Mark Jensen of National Venture Capital Services Group, Deloitte Services LP, said more than 1,200 deals were completed last year in the mobile, social networking and gaming space combined, noting that in the social networking arena there were more than 500 deals alone. Most of the deals, however, were mergers and acquisitions — and very few IPOs. That leads him to the conclusion that “the jury is still out on social networking for the venture capital community.”

Jensen’s comments ignited a bit of a push back from John Balen of Canaan Partners. Balen disagreed, saying social networking is showing promise. He used Zeus, an online dating firm, as an example, saying, “the company is on fire.” It is more about realizing that in today’s marketplace, the playing field has been leveled and you have to find the standouts. Entrepreneurs have to be patient and their companies really need to figure out their competitive advantage.

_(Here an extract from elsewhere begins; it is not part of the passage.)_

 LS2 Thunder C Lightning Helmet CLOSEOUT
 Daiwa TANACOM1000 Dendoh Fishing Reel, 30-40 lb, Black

The panel did seem to agree that to get funded an entrepreneur must have passion, credibility and the ability to execute their ideas. “Entrepreneurs must have passion,” said Ross Levinsohn of Fuse Capital, but he went on to clarify that they have to have more than that to succeed. “I hesitate to back any entrepreneur that doesn’t have passion and have a business plan.”

Todd Chaffee of Institutional Venture Partners seconded the idea, saying the best people to back are those that can actually execute on all fronts. “But, that is not an easy task,” he said.

The takeaway: Have a great idea, know your market and create a viable business plan. It is essential to recognize that viewpoints differ among investors. Some are focused on your rate of return, while others are more interested in building businesses and fostering great ideas.